Azure TTS low voice quality in AP

Problem: When using Azure cloud voices for TTS in AP, the neural voice sounds more mechanical than normal Azure samples. This happens both with and without SSML tags.

Is there a way to get less mechanical and more natural sounding voice through TSS?
Target audio quality should be the same as the sample available here: https://azure.microsoft.com/en-us/services/cognitive-services/text-to-speech/#features
With the following settings:

In the AP I tried to produce the audio with the following settings, but did not get even close to the required quality:

Endpoint: https://westeurope.api.cognitive.microsoft.com/sts/v1.0/issueToken
Voice: en-US-JennyNeural

SSML:


<mstts:express-as style=“customerservice”>You can replace this text with any text you wish. You can either write in this text box or paste your own text here.
</mstts:express-as>

I would love to attach some audio samples to this message but I am currently unable to do so as a new user.

ActivePresenter version: 8.5.4

OS: Win 10

Notes:
It would save me and my colleagues a lot of time, because we are required to use the “less mechanical voice” in our videos which we currently have to generate via and external app and put into our videos one by one manually.

Hi,

Thank you for letting us know the problem. We will release the updated version soon.

Regards,

Hello Nam,

Thanks a lot for a quick response and your Exceptional work guys!

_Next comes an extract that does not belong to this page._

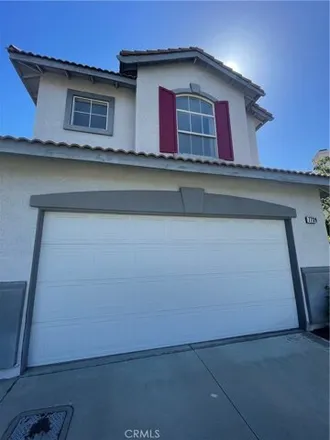 Rent this 3 bed house on 7702 Milliken Avenue in Rancho Cucamonga, CA 91730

Just to let other forum users know, I was contacted by AP staff via an e-mail and received a work in progress version of ActivePresenter with the requested functionality fixed and working. Just a day after submitting the forum post :wink:

2 Likes

Hello Vit,

Thank you for your kind words.

And please notice that the official ActivePresenter 8.5.8 with the fix was released. Please check it out.

Regards,

Hi,

There is still a problem.

I’ve just downloaded 8.5.8 and tried to use TTS for Azure and it sounds like bad static. I then tried the older version 8.5.7 and it worked perfectly.

I’m using W10 and the trial versions of AP.

Hi,
Your issue is slightly different from the one I have described in this topic.
But I might have encountered similar one when “previewing” the audio by pressing the Speak button (not sure if that is your case). Try if the issues are present also in the exported final version of the video (they should not be). Check/change the output audio software and its drivers because they caused the issue for me.

Hi mackavi,

Could you please send us the project file that has the problem so we can check?

Regards,

Thanks for both replies.

I hadn’t got past the ‘speak’ preview button on the properties dialogue. I tried using the ‘generate’ button this morning and the wave file added to the timeline worked normally.

I was going to send a recording of the problematic audio but it seems my W10 is one of those rare devices that does not include a sound mix driver for recording what you hear. In solving this, I’ve solved the problem.

My system has always used Nvidia HD sound drivers from my graphics card without any issue. This morning, I replaced them with Realtek HD drivers and previewing sound in 8.5.8 now works.

If the new drivers don’t cause any unforeseen issues, then I’ll stick with them.